New York Times News Service
MANILA, Philippines — Just after 1 a.m. Saturday, Mary Ann Melancio became concerned about a co-worker. He had sent her a text message saying he was trapped by floodwaters in his home with his wife and 10-year-old daughter.
“I called him, and he said in a very quiet voice, ‘The water is up to our stomachs, and we can’t get out. The current outside is strong,”’ recalled Melancio, a 36-year-old resident of the flood-stricken city of Iligan. “After that, the phone went dead.”
When the sun rose Sunday, Melancio and others went to the house, but her co-worker was gone. They fear he was swept away with his family.
“We walked back to our place and could see the bodies of dead people and animals along the road,” she said by telephone. “I have never seen a tragedy like this in my life.”
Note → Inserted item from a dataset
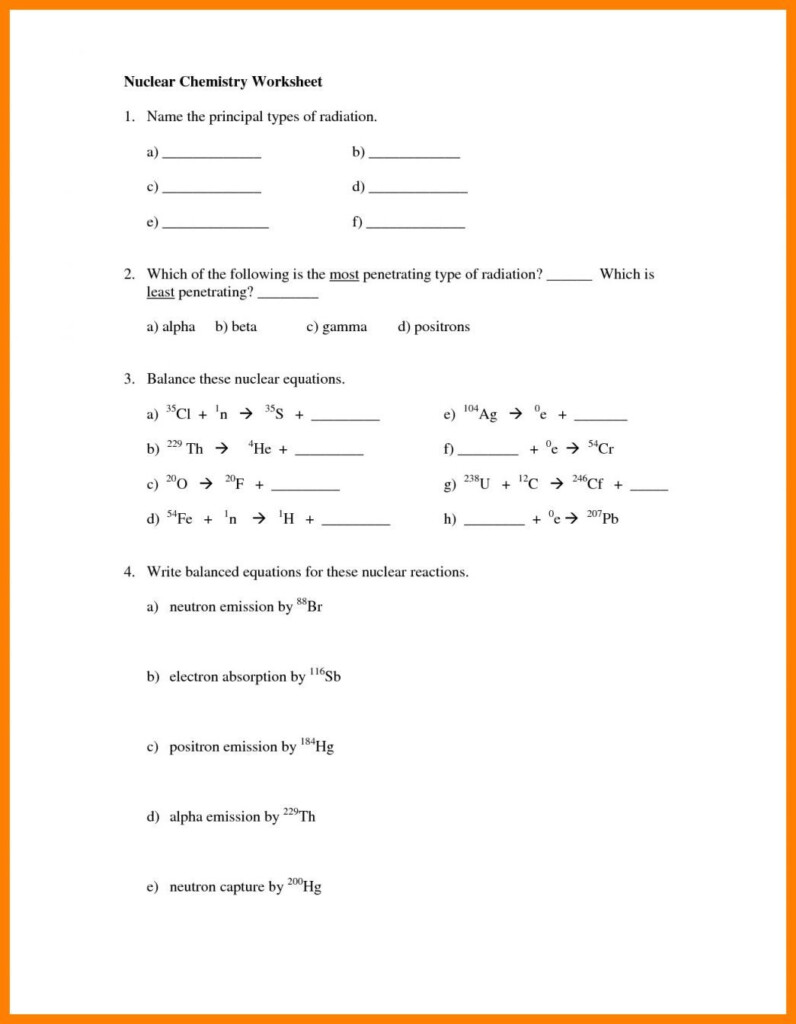 Nuclear Decay Worksheet Answers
In neighborhoods throughout the cities of Iligan and Cagayan de Oro on the island of Mindanao in the southern Philippines, similar stories could be heard. In the dead of night Saturday, flash floods caused by Tropical Storm Washi sent water into the homes of sleeping families, and hundreds were drowned or dragged to their deaths by the currents.
The Philippine Red Cross said late Sunday that 652 people were known to have died in the flooding and estimated that more than 800 more were missing. An estimated 35,000 people were in evacuation centers, according to the National Disaster Risk Reduction and Management Council. Red Cross workers and volunteers counted bodies in funeral parlors to tally the death toll, according to Gwendolyn T. Pang, secretary-general of the Philippine Red Cross, Gwendolyn T. Pang, while the number of missing was based on requests to trace missing family members.
“There are areas that rescuers have not been able to penetrate,” Pang said late Sunday in a telephone interview. “We expect the number of dead to increase, but this is still a search-and-rescue effort. We are finding people alive.”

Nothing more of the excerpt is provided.